Özet
Kadın, bir toplumun temel unsurudur. Ana olduğu için, yuvasının sahibi olduğu için topluma sadece kendisinden doğrudan verdikleriyle değil, erkeği güçlendiren ya da gücünü kesen baş etken olduğu için de önemlidir. Toplum yaşamına, üretime ve fikir hayatına katılan kadınların yeri ise, insanlık tarihi içinde, üzerinde ayrıca durulan bir konu oluşturur.
Ülkemizde, bu olgudaki değişim ve gelişmenin Cumhuriyet dönemiyle birlikte olumlu bir sürece girdiği görülür. Evine kapatılan, yeteneklerini geliştirmesine olanak verilmeyen, bir insan olarak topluma ve de genel olarak insana dönük konularda söz hakkı tanınmayan Türk kadını, Cumhuriyetle birlikte ışığa kavuşur. Daha da fazlası, zamanla çeşitli alanlarda topluma kendinden ışık vermeye başlar.
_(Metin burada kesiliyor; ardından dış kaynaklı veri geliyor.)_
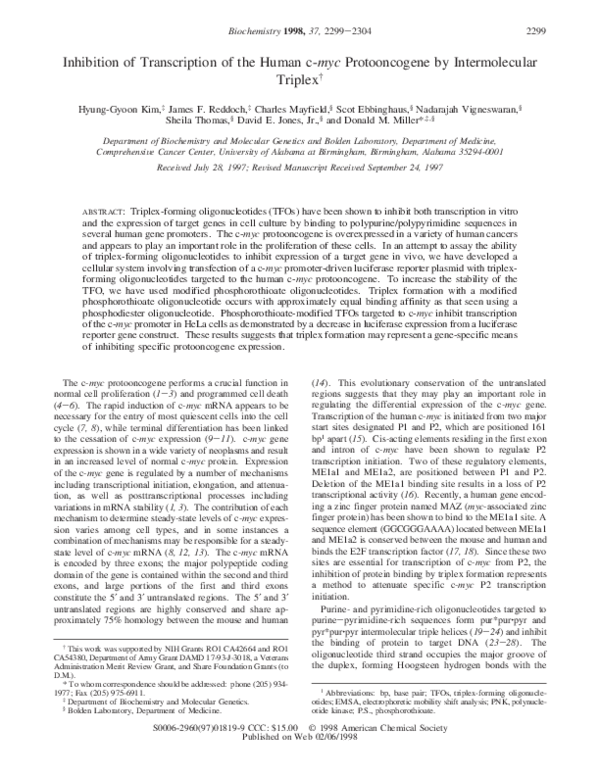 (PDF) Inhibition of Transcription of the Human c-myc Protooncogene by ...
Bunun yanında, toplumumuzun ekonomik açıdan rahat duruma gelmiş kesimindeki pek çok kadınımızın yaşamlarını nasıl sürdürdükleri, kıymetli zamanlarını oyun masalarında veya bunun gibi insanı yüceltmeyen konularda nasıl harcadıkları düşünmek ise gerçekten üzüntü vericidir. Bu tablo içinde Günseli Aru gibi kadınlarımız gözümüzde bir başka değer kazanır, saygınlık kazanırlar.
Rahmetli Günseli, akademi öğrenciliği sırasında, fiziksel güzelliğiyle hayranlık, moral güzelliğiyle de saygı uyandırırdı. Sanat yaşamında ise aralıksız sürdürdüğü çalışmaları kendisini, akademi ödülünü, Devlet Resim-Heykel Sergisi ödüllerini alacak düzeye ulaştırdı. Katıldığı yurtdışı sergilerde olumlu yankılar almasını sağladı.
Biz, bize bıraktığı eserlerini sergileyerek Günseli Aru'yu ölümünün 2. yıl dönümünde anarken, herhalde bir sanatçının gerçekte ölmediğini, arkasında bıraktığı eserlerinde yaşamını sürdürdüğünü unutmuyoruz. Çünkü onun elinden çıkmış bu heykellerden her biri, onun düşüncelerinden, duygu ve heyecanlarından, üzüntülerinden ya da neşelerinden izler taşır. Yani o değerli dost, aslında şimdi aramızda, bizimle birlikte yaşamaktadır.